_Problem_
Repeat the data below in full. Pictures must not be part of the copy.

_Data extract_
........
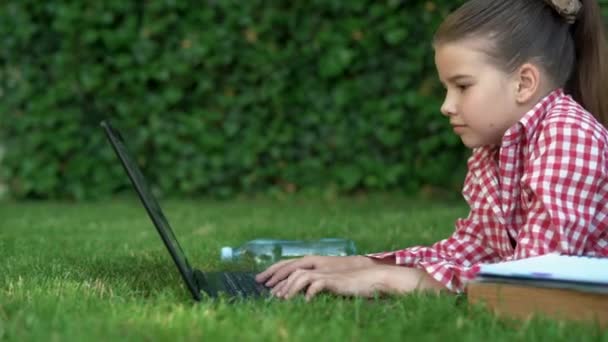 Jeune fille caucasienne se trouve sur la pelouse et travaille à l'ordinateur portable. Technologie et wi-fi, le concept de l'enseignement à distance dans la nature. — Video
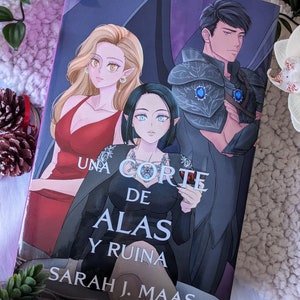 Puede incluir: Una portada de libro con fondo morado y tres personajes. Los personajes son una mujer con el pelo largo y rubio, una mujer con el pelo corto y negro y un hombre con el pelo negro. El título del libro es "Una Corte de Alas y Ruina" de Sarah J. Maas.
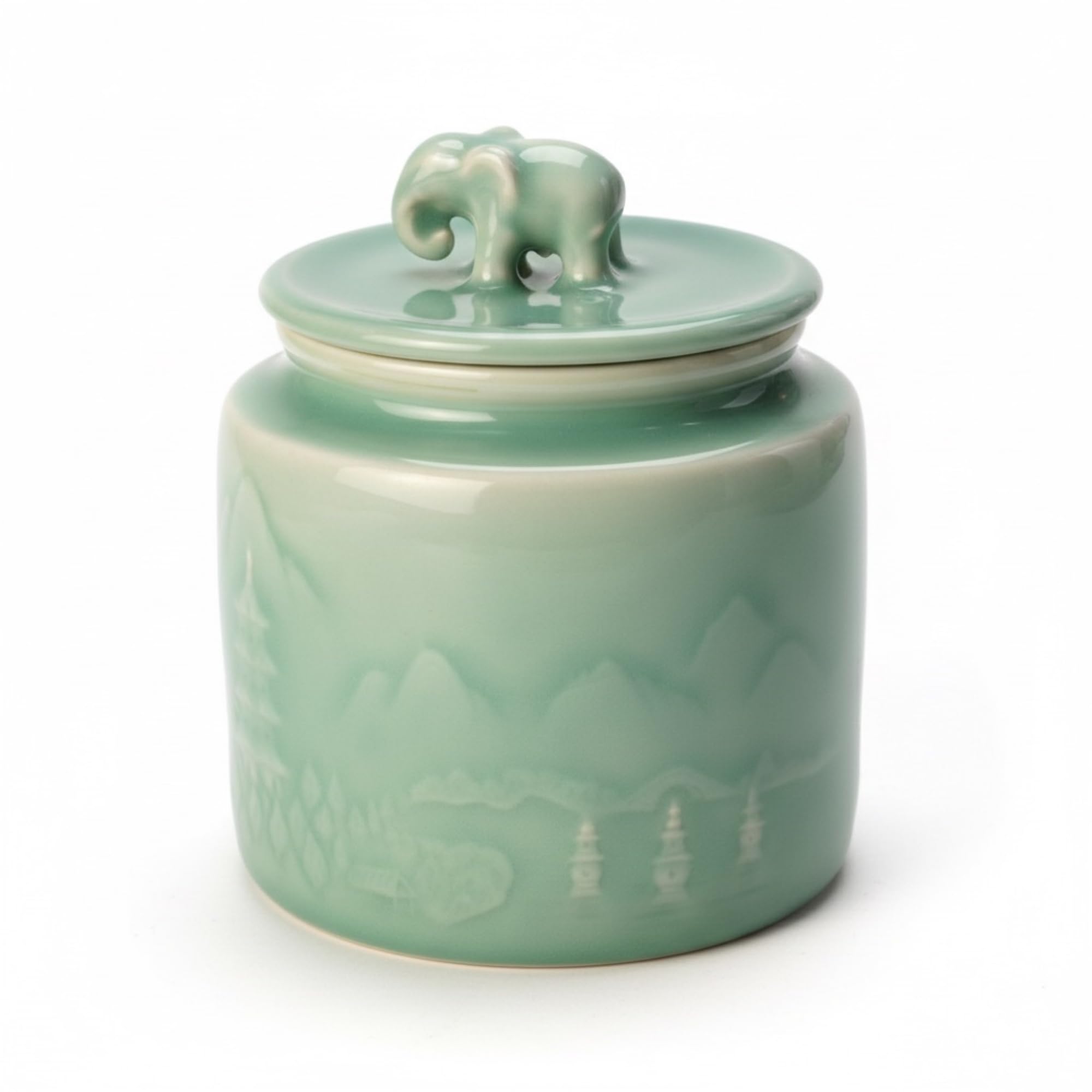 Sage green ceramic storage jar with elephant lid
........
_Output for this exercise_
 Jeune fille caucasienne se trouve sur la pelouse et travaille à l'ordinateur portable. Technologie et wi-fi, le concept de l'enseignement à distance dans la nature. — Video
 Puede incluir: Una portada de libro con fondo morado y tres personajes. Los personajes son una mujer con el pelo largo y rubio, una mujer con el pelo corto y negro y un hombre con el pelo negro. El título del libro es "Una Corte de Alas y Ruina" de Sarah J. Maas.
 Sage green ceramic storage jar with elephant lid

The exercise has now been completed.